There was a time when if someone asked you to join an ICO, you’d be left with a perplexed look on your face before asking what they meant.
But times are a-changin’, as songwriting maestro Bob Dylan once said. Initial Coin Offerings (ICOs) have become de rigueur in the cryptocurrency ecosystem. Most – if not all – funding efforts for new crypto projects begin with this acronym.
ICOs: from tumultuous beginnings to the new standard of crypto crowdfunding
The term itself, ICO, was coined by J.R. Willet back in 2010. Willet, then a software engineer, fielded the idea of paying people to mine Bitcoin for him. The ICO seed had been planted. Five years later, everyone was doing it. From then on, Willet watched from the rafters as his idea became a runaway success.
ICOs are now an established method of crowdfunding an idea based on the cryptoworld, much like Kickstarter is for creative projects of other nature.
The future of ICOs
The ICO market has soared over the last 24 months. A great number of blockchain-based projects are now routinely using Mr. Willet’s idea, sometimes to a great outcome, and sometimes to a not so great one. ICO scams are rife, and investors have grown wise.
Still, discerning which ICOs are worth investing in (or even deciding whether they are even real to begin with) is not an easy task. Even the most seasoned investors do get burned from time to time.
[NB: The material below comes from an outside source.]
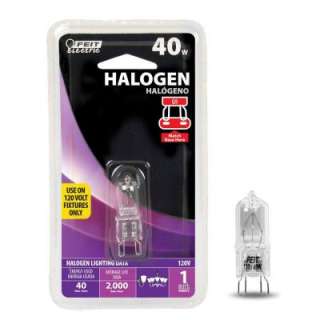 Feit Electric 40 Watt G9 Base Halogen Light Bulb BPQ40/G9 at The Home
Now, some of the most recognized names on the blockchain, such as Ethereum’s co-founder Vitalik Buterin are advocating for the incorporation of some of the benefits of Decentralized Autonomous Organizations (DAOs), into what is becoming known as the DAICO model.
This model specifies that ongoing funding is directly linked to milestones and achievements. If these goals are not met, the project could potentially be scrapped and investors refunded.
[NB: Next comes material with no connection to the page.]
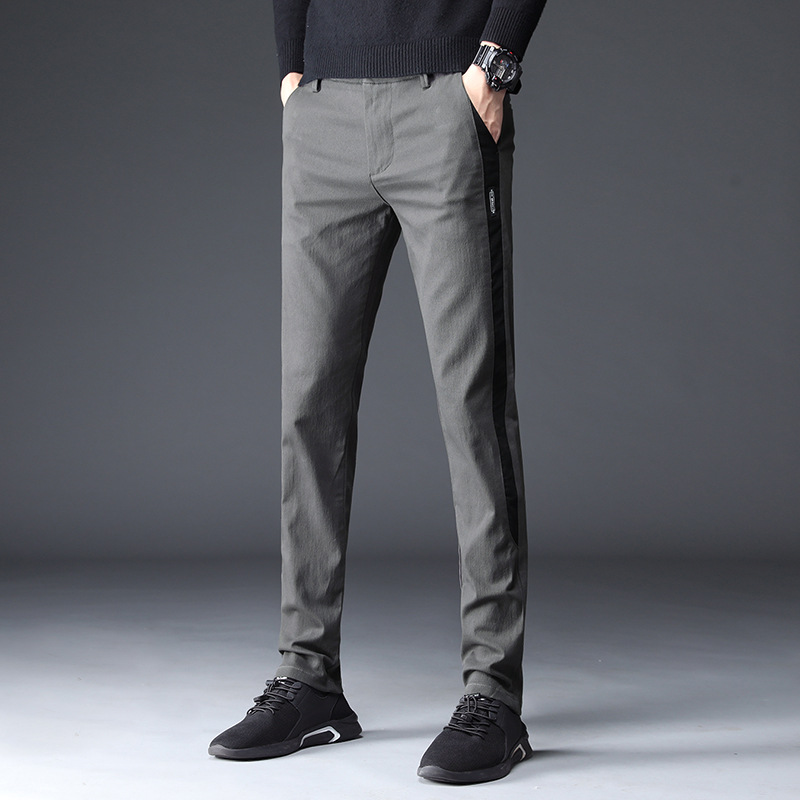 Title 5, Herren Plus Cashmere Casual Stretch Hose für Al...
Safeguarding investors is crucial for an ICO since it depends on incoming and sustained funds to survive in the first place. Still, ICOs, as they exist today, stand as a financial lottery of sorts. Investors should always be prepared to lose all, or at least a great chunk of their investment.
Somewhat ironically, and just like in the aviation industry every crash makes flying safer, every scam enhances the overall security of ICOs.
The next wave (ICO 2.0?) will be designed to be more transparent and to put more accountability onto those who engage in wrongdoing, with the overall goal of protecting investors and safeguarding the very lifeblood of the ICO itself.